** Records for the task **
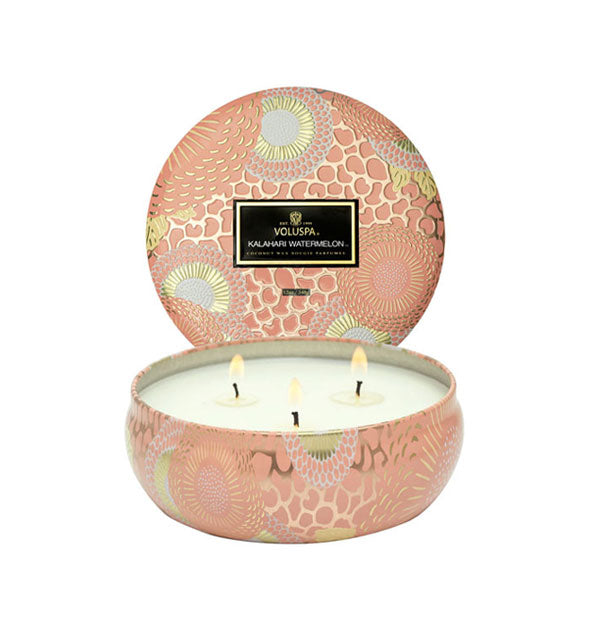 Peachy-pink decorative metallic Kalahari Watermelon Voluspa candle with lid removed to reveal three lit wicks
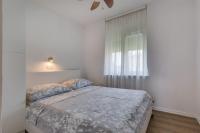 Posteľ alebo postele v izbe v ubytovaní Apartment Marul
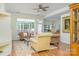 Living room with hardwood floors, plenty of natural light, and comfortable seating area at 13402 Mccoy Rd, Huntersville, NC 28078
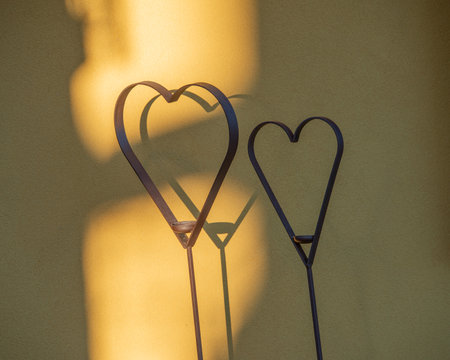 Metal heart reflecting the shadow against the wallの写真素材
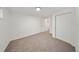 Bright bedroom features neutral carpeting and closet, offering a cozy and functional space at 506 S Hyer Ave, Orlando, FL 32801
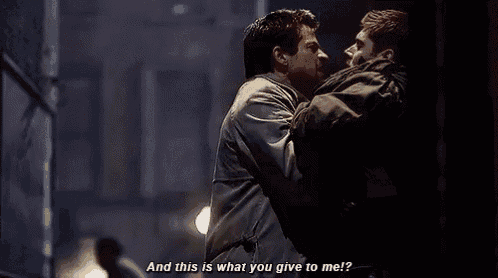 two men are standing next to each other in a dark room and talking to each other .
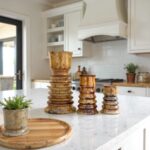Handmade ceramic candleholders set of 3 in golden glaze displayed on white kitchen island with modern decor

* * *

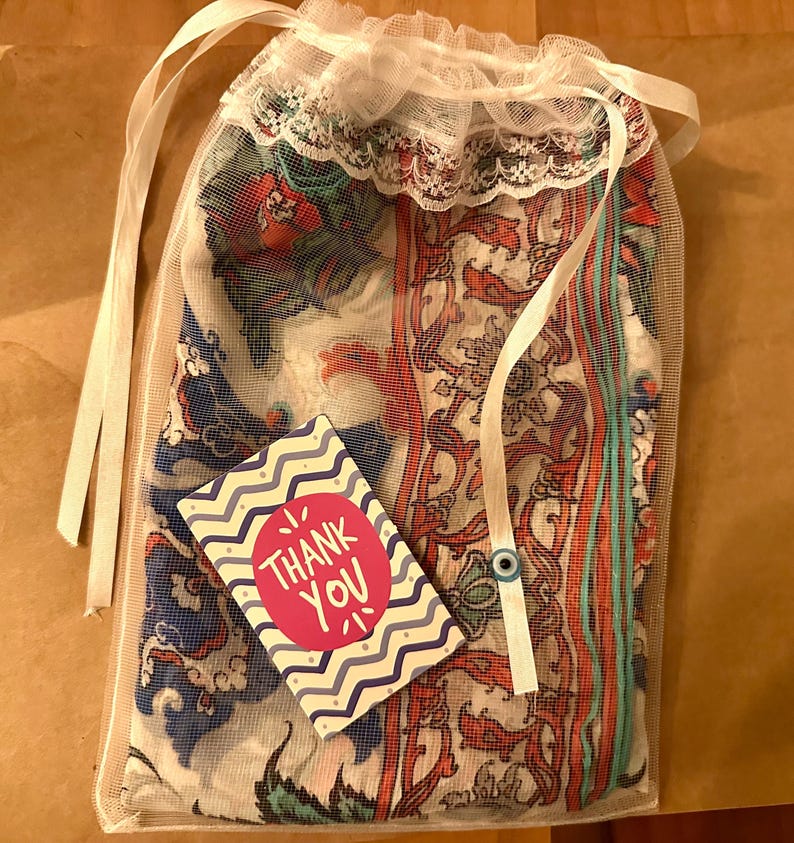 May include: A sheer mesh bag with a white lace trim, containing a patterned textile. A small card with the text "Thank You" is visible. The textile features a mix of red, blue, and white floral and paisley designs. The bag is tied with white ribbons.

--

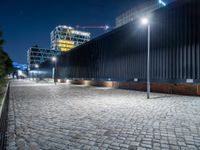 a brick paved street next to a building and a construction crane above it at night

** Task requirements **
Of the lines above, quote exactly those from the one with "Posteľ alebo postele" through the one with "Handmade ceramic candleholders", ends included; pictures stay out.

** Output for this task **
 Posteľ alebo postele v izbe v ubytovaní Apartment Marul
 Living room with hardwood floors, plenty of natural light, and comfortable seating area at 13402 Mccoy Rd, Huntersville, NC 28078
 Metal heart reflecting the shadow against the wallの写真素材
 Bright bedroom features neutral carpeting and closet, offering a cozy and functional space at 506 S Hyer Ave, Orlando, FL 32801
 two men are standing next to each other in a dark room and talking to each other .
Handmade ceramic candleholders set of 3 in golden glaze displayed on white kitchen island with modern decor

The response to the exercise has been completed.